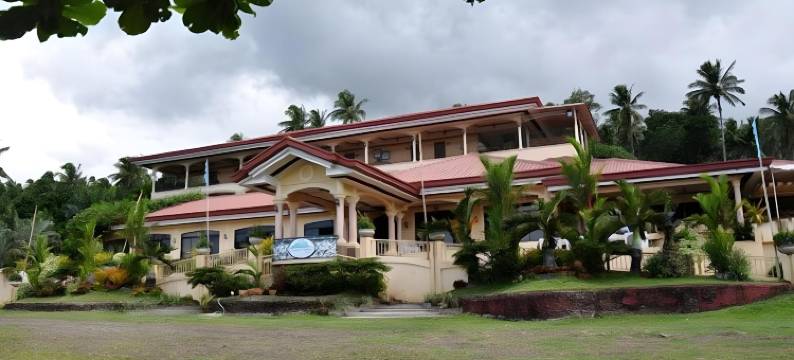 甘米银高地度假村(Camiguin Highland Resort)图片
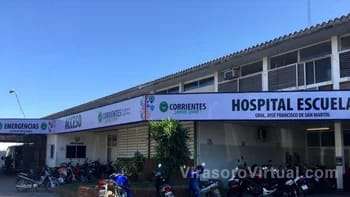 Un hombre de 35 años falleció tras sufrir quemaduras graves en un incendio en un local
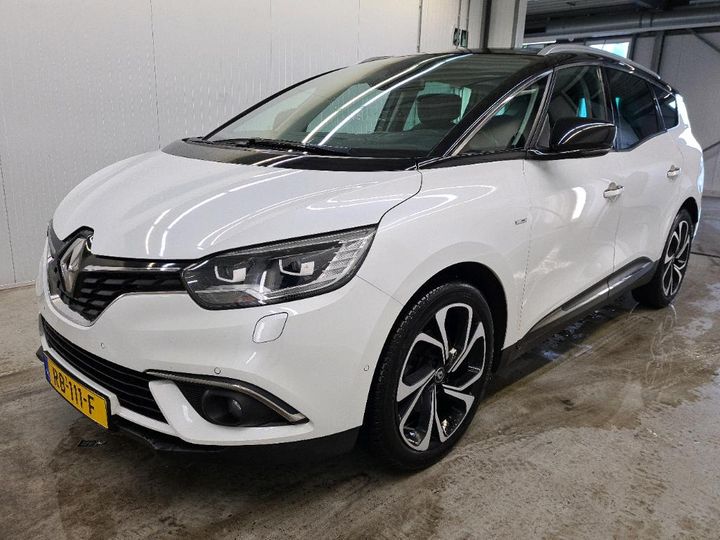 RENAULT GRAND SCENIC 2017 vf1rfa00759214125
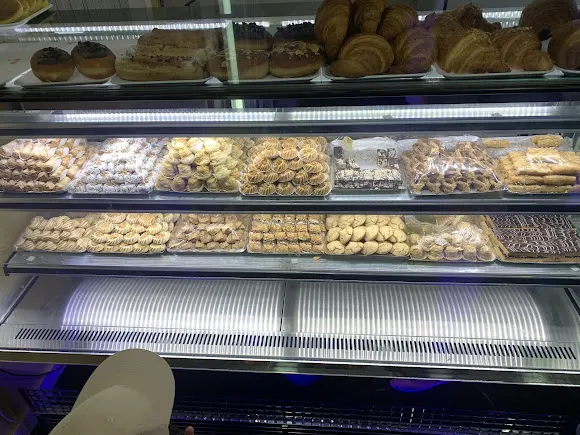 Panaderia Pasteleria Chellaf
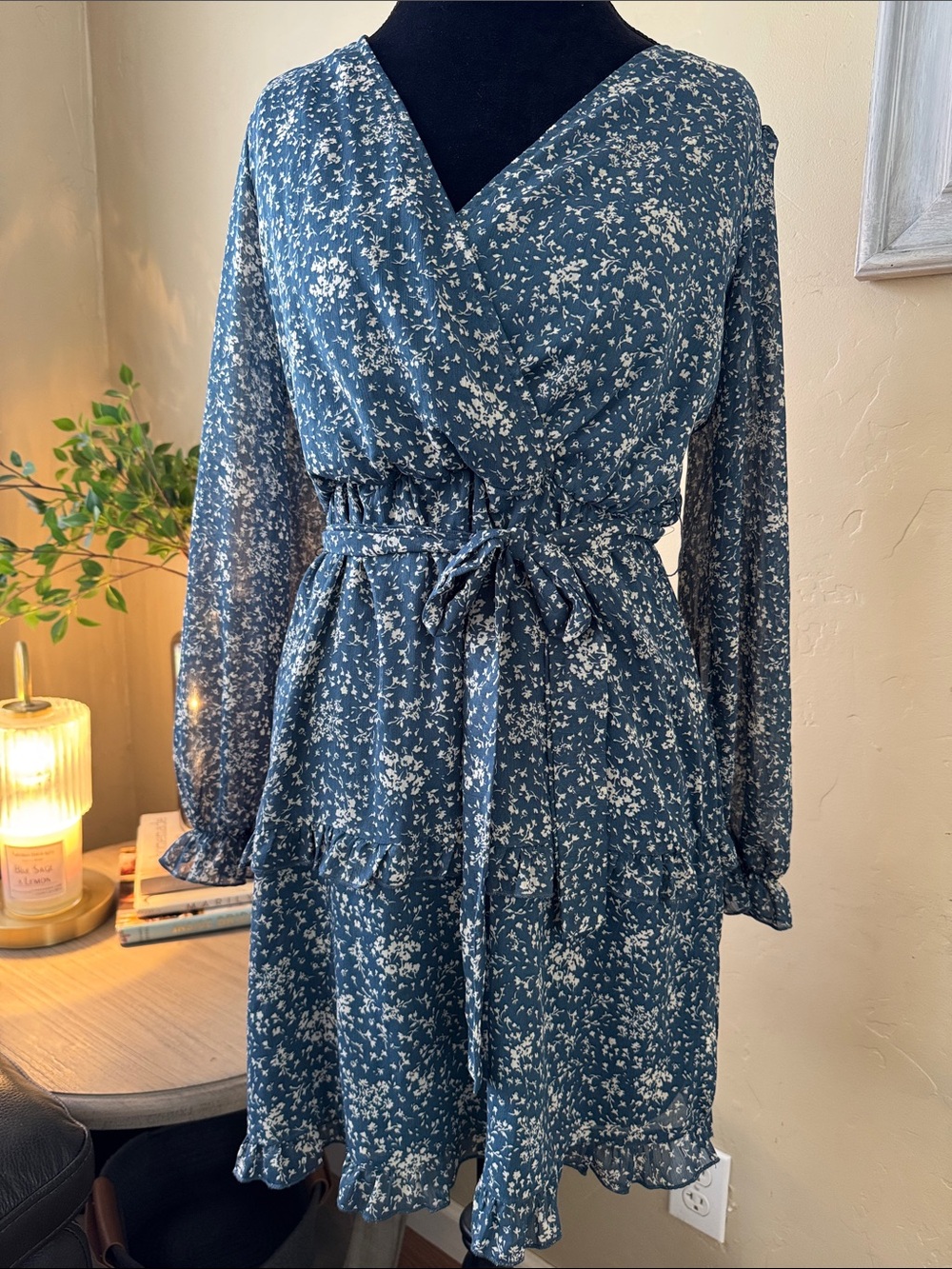 Midi dress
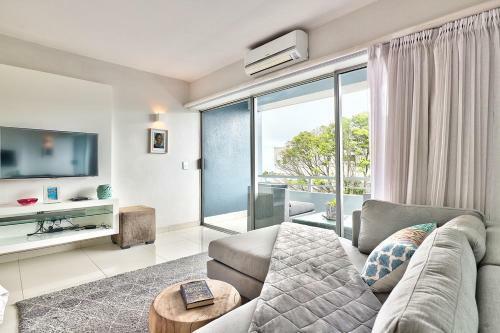 Apartamento Clifton Suites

→ **EXERCISE INSTRUCTIONS**
Restate each line of the records exactly; pictures do not belong in the copy.

→ **TASK ANSWER**
 甘米银高地度假村(Camiguin Highland Resort)图片
 Un hombre de 35 años falleció tras sufrir quemaduras graves en un incendio en un local
 RENAULT GRAND SCENIC 2017 vf1rfa00759214125
 Panaderia Pasteleria Chellaf
 Midi dress
 Apartamento Clifton Suites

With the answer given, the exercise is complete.